An afternoon with Montesinos

It is always exciting to see, in person, a living part of history. I’ve had the opportunity to do so in attending concerts of jazz legends such as Horace Silver, Benny Carter, and Sonny Rollins. I have sat in an auditorium in Havana listening to Fidel Castro speak for hours. This summer in Dublin Airport my father and I exchanged a few words with John Hume. But today was the first day that I have ever been so close (less than 10 feet behind) someone with 74 judicial processes open against him. I certainly don’t mean to place Vladimiro Montesinos in the same category as a jazz great or a Noble Peace Prize winner—but he certainly is a notable, albeit infamous, figure of Peru’s recent political history.

    “Despite his questionable connections, Montesinos had played an influential, often malign role in almost every area of Peruvian life: for the last ten years of the 20th century, unelected, he co-governed the country. All those who care about Peru’s future—and that indeed of any other small country—need to ask themselves how this could have been allowed to happen.”
    — Sally Bowen and Jane Holligan, The Imperfect Spy: The Many Lives of Vladimiro Montesinos (Lima: Peisa, 2003).


Democracy, rule of law, and human rights in Peru were shelved while Montesinos was both advisor to former President Alberto Fujimori and the de facto chief of the SIN, el Servicio de Inteligencia Nacional (the National Intelligence Service). The Fujimori/Montesinos era was marked by corruption, extortion, and blackmail, not to mention instances of extrajudicial killings and “disappearances” of suspected subversives. For more information about Peru under Fujimori, I suggest reading the second chapter of Human Rights Watch’s Probable Cause: Evidence Implicating Fujimori. For more information about Montesinos, I suggest The Imperfect Spy (which is unfortunately out of print) or transcriptions of the Vladivideos.
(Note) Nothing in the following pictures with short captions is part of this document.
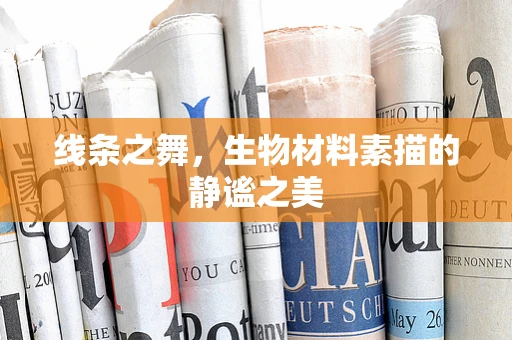 线条之舞，生物材料素描的静谧之美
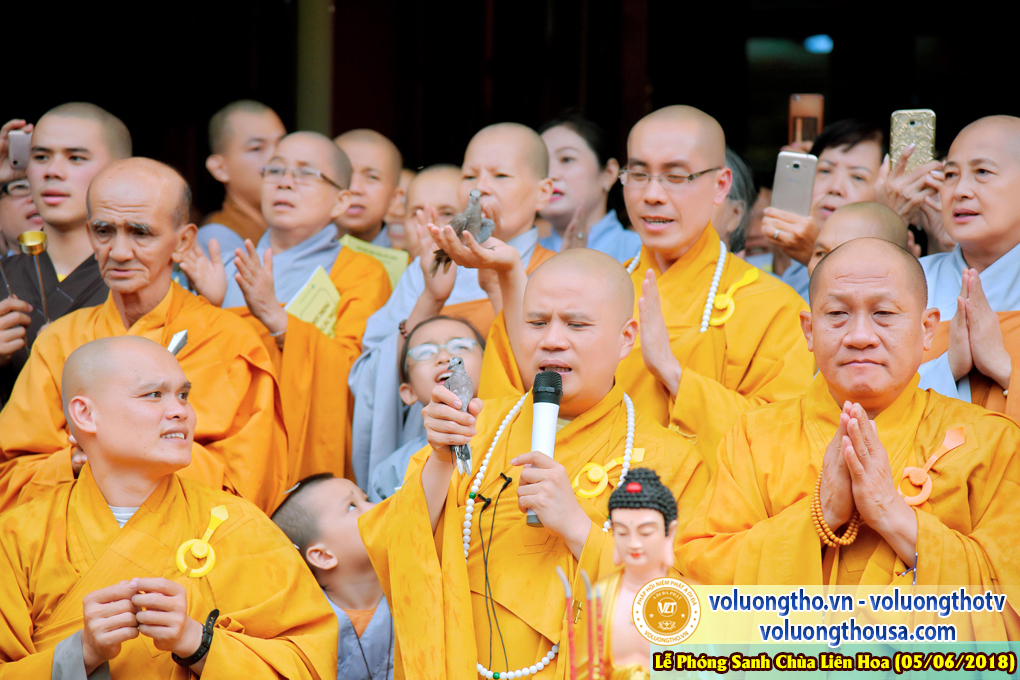 to-chuc-phong-sanh-tai-chua-lien-hoa-bac-lieu-ngay-3-6-2018-chua-quan-the-am-duc-trong-lam-dong-48.jpg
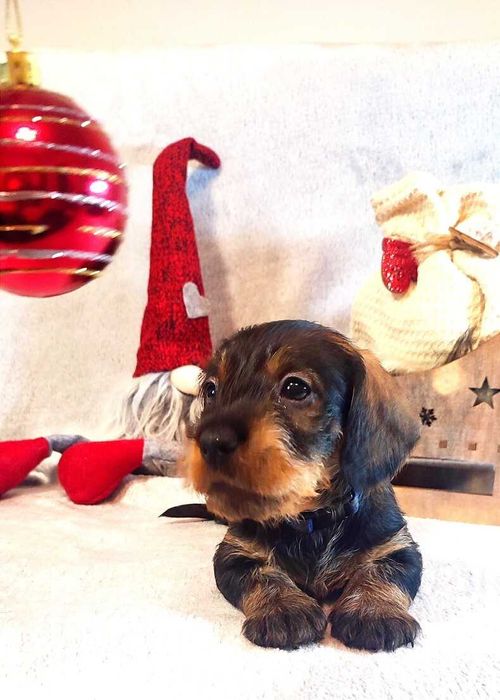 Teckel Macho de Pelo Cerdoso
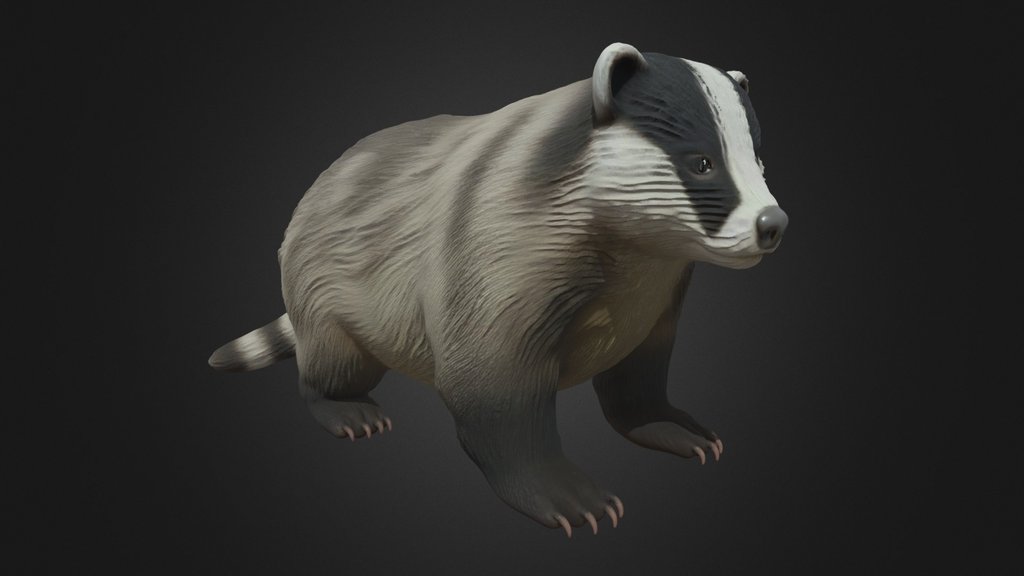 Stout Badger Standing Realistic
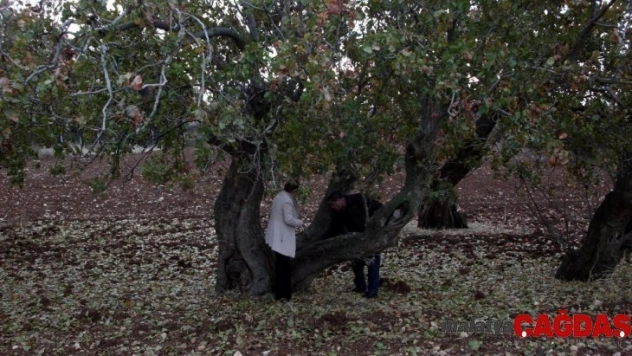 Türkiye'nin en yaşlı fıstık ağaçları Kilis'te bulundu
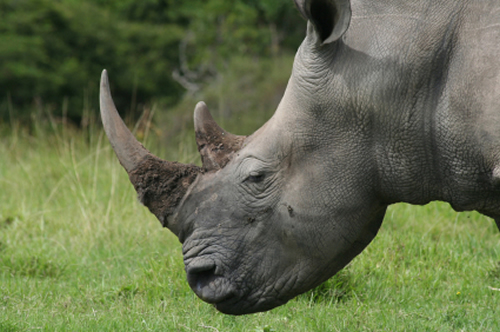 Chinese activists investigating Longhui rhino farm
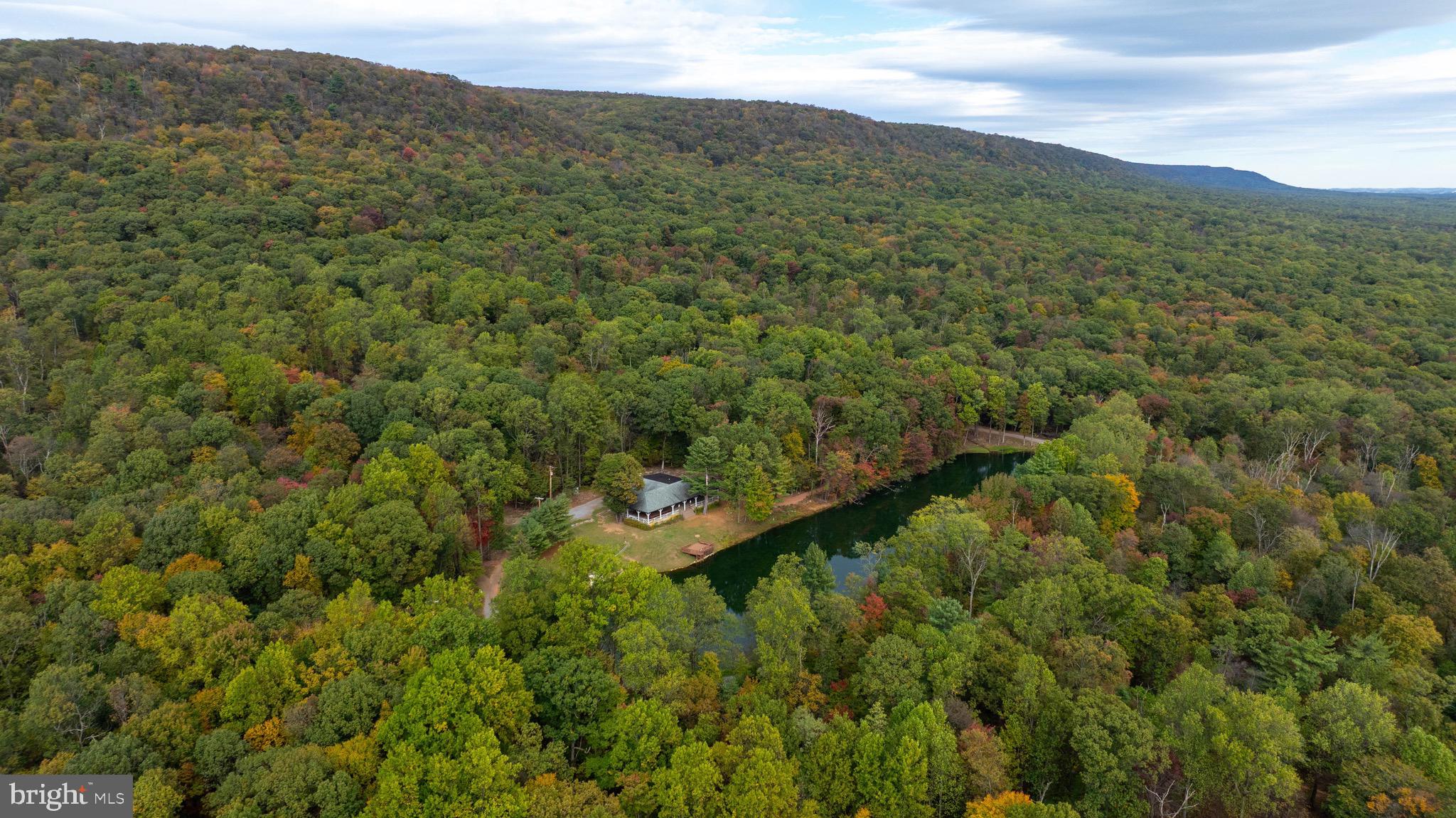 485 Airport Road Bethel, PA 19507 - Photo 9 of 71 a view of a forest with a mountain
Today Montesinos is incarcerated at the Callao Naval Base. Just last week he received 20 years for selling arms to the Revolutionary Armed Forces of Colombia-People's Army (Fuerzas Armadas Revolucionarias de Colombia-Ejército del Pueblo, or FARC-EP). This afternoon, I heard a judge sentence him to 6 years in prison and a civil repatriation fine of S/. 1,500,000.00 ($461,254.61) for corruption. This was the first sentencing and Montesinos and his lawyers are appealing. A list of his sentences to date can be found here.

The man reading the 40-minute-long sentence spoke faster than the Micro Machine Man, but this is my understanding of the case: Sometime back in the 1990s, some members of congress publicly claimed that the taxes Montesinos had paid didn’t correspond with the actual balance in his accounts. Montesinos obliged some auditors of SUNAT, Superintendencia Nacional de Administración Tributaria, to fix the imbalance and make his accounts appear legal. A handful of people, including the then director of SUNAT and an ambassador, ended up getting involved and they are all on trial for this case. Montesinos is the only one of the group who is currently incarcerated. The argument of the others is that they were coerced into fixing the books / aiding in the cover-up. For instance, one of the auditors was either pregnant or had a child at the time. She’d heard about disappearances and didn’t want to risk not following orders, even if she broke the law in doing so. This case raises interesting considerations such as: if someone is coerced into breaking the law by governmental authorities, is there or is there not a point after which s/he is no longer responsible for her/his actions and, if so, what is that point?

I plan on seeking out more afternoon visits with Montesinos for the public trials of the La Cantuta/Barrios Altos cases.